POESIES de Pierre Louÿs
La poésie est une fleur d’Orient qui ne vit pas dans nos serres chaudes. La Grèce elle-même l’a reçue d’Ionie, et c’est de là aussi qu’André Chénier ou Keats l’ont transplantée parmi nous, dans le désert poétique de leur époque ; mais elle meurt avec chaque poète qui nous la rapporte d’Asie. Il faut toujours aller la chercher à la source du soleil.
Pierre Louÿs
ISTHI
Germe d’un être ailé, prends ton vol en toi-même.
Sois viril. De chair et d’esprit, soit plus qu’humain.
Ne ferme pas les yeux pour murmurer : « On m’aime ».
Le mot digne d’un homme est : « J’aime ». Offre ta main.
Et si dans les ravins les rats veulent te mordre,
Si ta marche se heurte au fer dans le taillis,
Que ta gorge et tes os reforgent le mot d’ordre.
Le premier qui fut Dieu savait dire : « Je suis ».
Le désir n’ est désir mon fils, que s’il féconde
La forme du futur : telle Isis que tu veux.
Sculpte. Crée au marteau les merveilles du monde :
Le visage, l’œil pur, la bouche ou les cheveux.
Sens frémir le flanc d’ombre ou la chaleur du torse.
Ecoute respirer les doigts évanouis.
Maître et cœur de ton cœur, fais foudre de ta force.
Le premier qui fut Dieu savait dire : « Je suis ».
Choisis ce que tu hais comme ce qui t’embrasse.
N’étreins pas d’ennemis sans beauté. Reste fier.
Le Titan peut toucher du pied Dzeus qu’il terrasse.
Adore entre tes doigts le souvenir d’hier.
Puis, quand l’œuvre des jours surgit de leur silence,
Exalte alors le monstre obscur que tu poursuis ;
Fais rugir de ton vers le lion sur ta lance.
Le premier qui fut Dieu savait dire : « Je suis ».
Solitude à jamais. Et mystère. Soit l’Arbre
Sans nom. Mais pour ceux-là qui respectent les nuits,
Apparais tout vivant plus ferme que ton marbre.

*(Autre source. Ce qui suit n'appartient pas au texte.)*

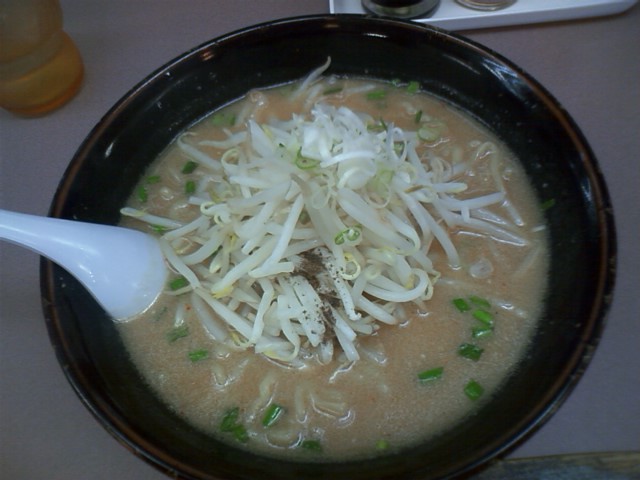 くるまやラーメン 熱海多賀店 name=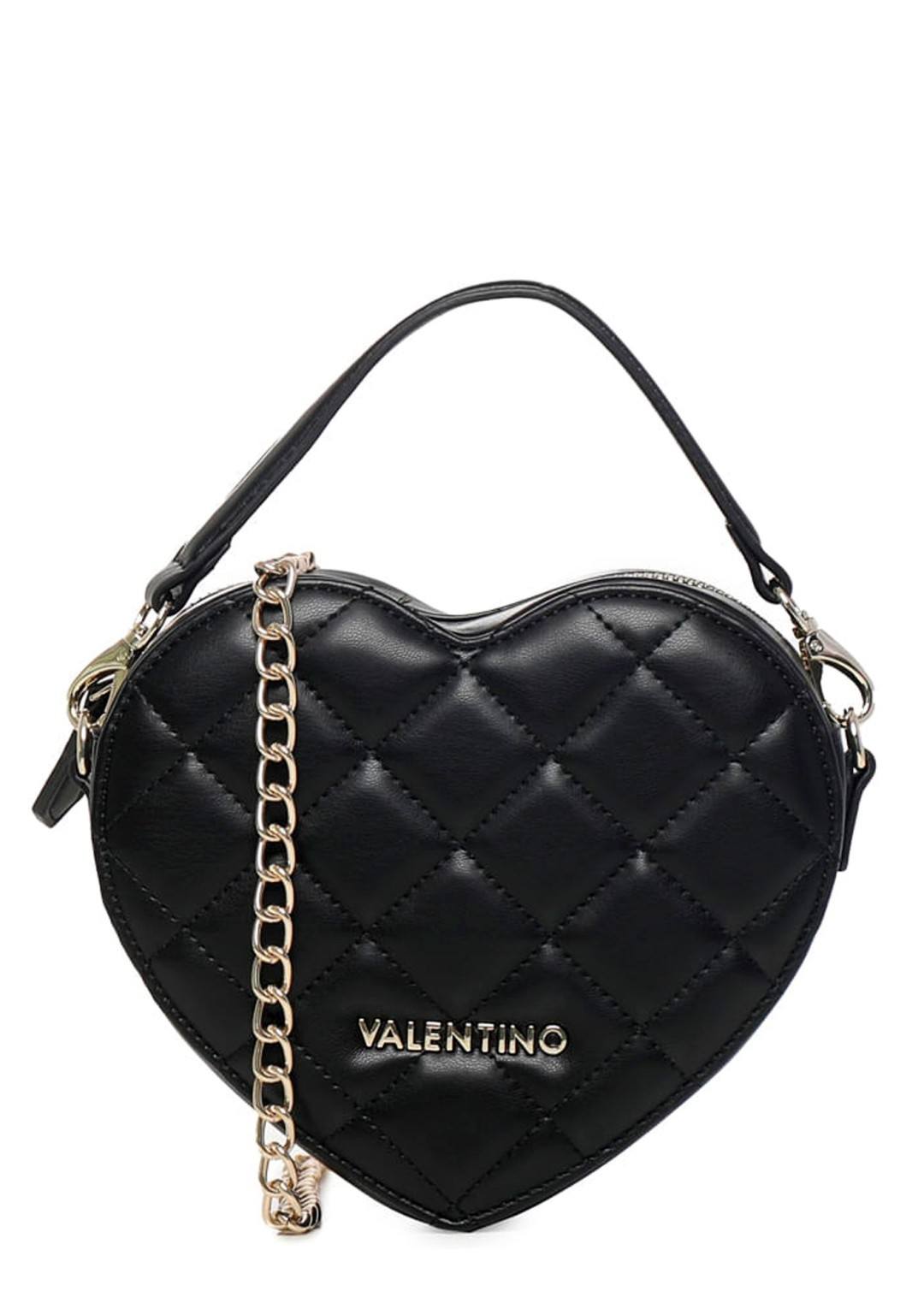 Valentino - Borsa cuore - Donna - Marshmallow H01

Le premier qui fut Dieu savait dire : « Je suis ».
PEGASE
A José Maria de Hérédia
De ses quatre pieds purs faisant feu sur le sol,
La bête chimérique et blanche s’écartèle,
Et son vierge poitrail qu’homme ni dieu n’attelle
S’éploie en un vivace et mystérieux vol.
Il monte, et la crinière éparse en auréole
Du cheval décroissant fait un astre immortel
Qui resplendit dans l’or du ciel nocturne, tel
Orion scintillant à l’air glacé d’Eole.
Et comme au temps où les esprits libres et beaux
Buvaient au flot sacré jailli sous les sabots
L’illusion des sidérales chevauchées,
Les poètes en deuil de leurs cultes perdus
Imaginent encor sous leurs mains approchées
L’étalon blanc bondir dans les cieux défendus.
CHRISIS
Quelle palleur dépourpre ce sein beau
Qui per à per combat avec l’aurore ?
Ronsard
De l’or crespé couleur coucou
Voit-on que la mer s’exténue
Pour ce frisson d’albe ombre nue
Pantelante et qui se découd ?
Surent jamais les dents jusqu’où
L’experte flamme s’insinue ?
Les ongles d’or l’ont-ils connue
La paix des bras autour du cou ?
Et toutefois sur les pensées
O les aurores détressées
En somptueux vols de parfums
La morsure à vierge victoire
L’éveil de tous les cœurs défunts !
APHRODITE
O déesse en nos bras si tendre et si petite,
Déesse au cœur de chair, plus faible encor que nous,
Aphrodite par qui toute Eve est Aphrodite
Et se fait adorer d’un homme à ses genoux,
Toi seule tu survis après le crépuscule
Des grands Olympiens submergés par la nuit.
Tout un monde a croulé sur le tombeau d’Hercule,
O beauté ! tu reviens du passé qui s’enfuit .
Telle que tu naquis dans la lumière hellène,
Tu soulèves la mer, tu rougis l’églantier,
L’univers tournoyant s’enivre à ton haleine
Et le sein d’une enfant te recueille en entier.
Telle que tu naquis des sens de Praxitèle
Toute amante est divine, et je doute, à ses yeux,
Si le ciel te fait femme ou la fait immortelle,
Si tu descends vers l’homme ou renais pour les dieux.